%%
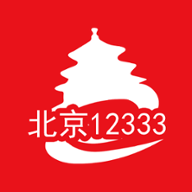 WWW,se618·COM网站APPAPP应用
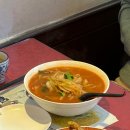 이촌역 3-1번 출구 | 이촌역 맛집 내돈내산: 국립중앙박물관 근처 가성비 중식 야래향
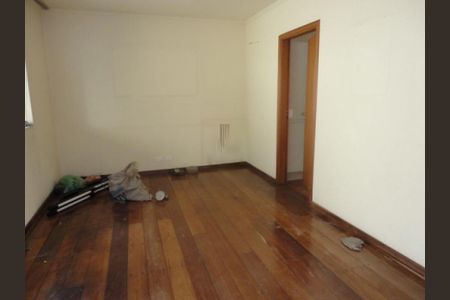 Casa à venda com 190m², 3 quartos e 4 vagas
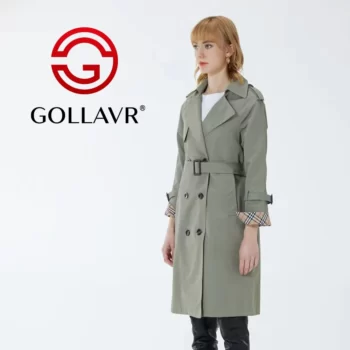 GOLLAVR — изображение 27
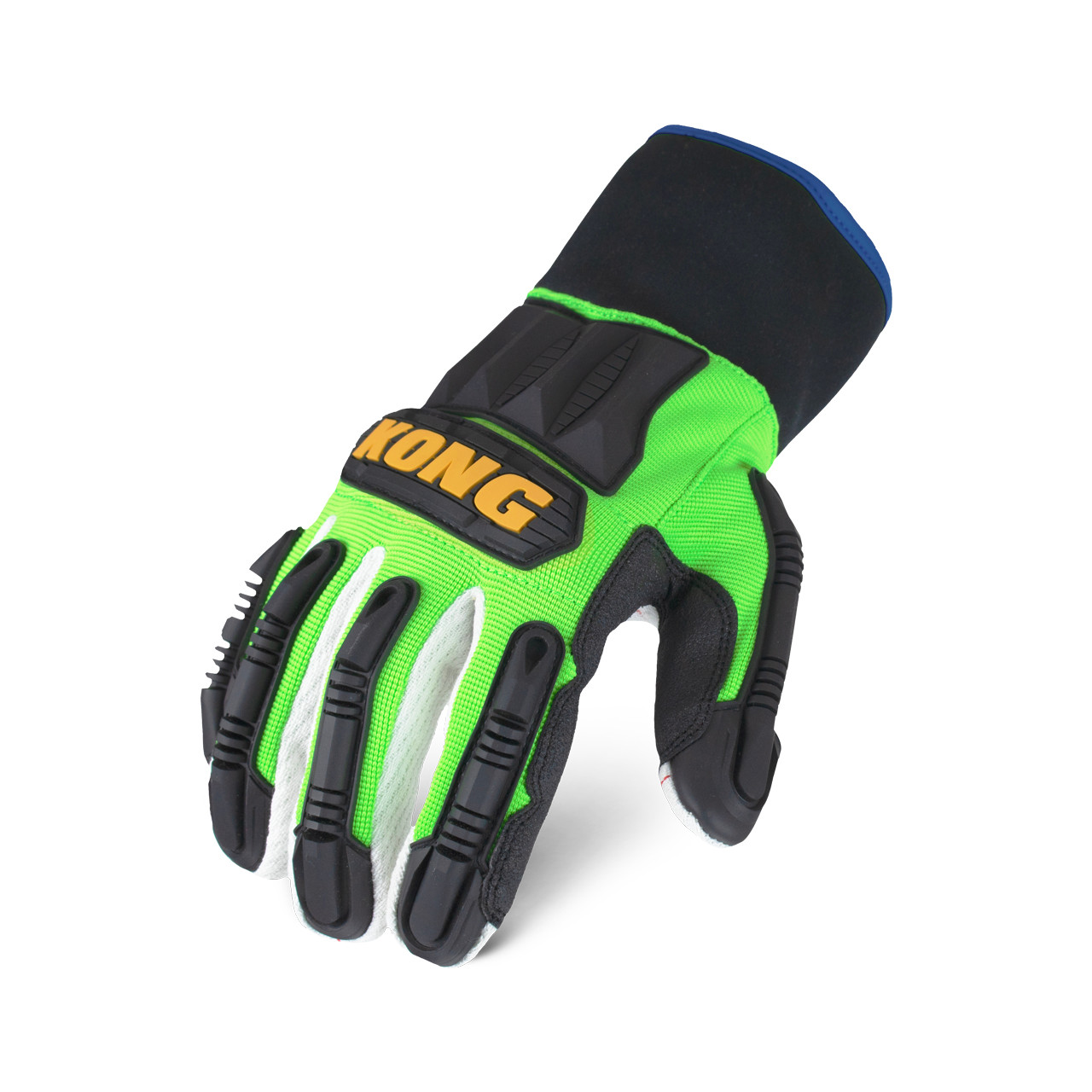 KONG® COTTON CORDED WATERPROOF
%%
Please transcribe, with no additions, the lines starting at the one that contains "GOLLAVR — изображение 27" and running through the last line of the entries, inclusive. Leave the pictures out.

- [Completed exercise]
 GOLLAVR — изображение 27
 KONG® COTTON CORDED WATERPROOF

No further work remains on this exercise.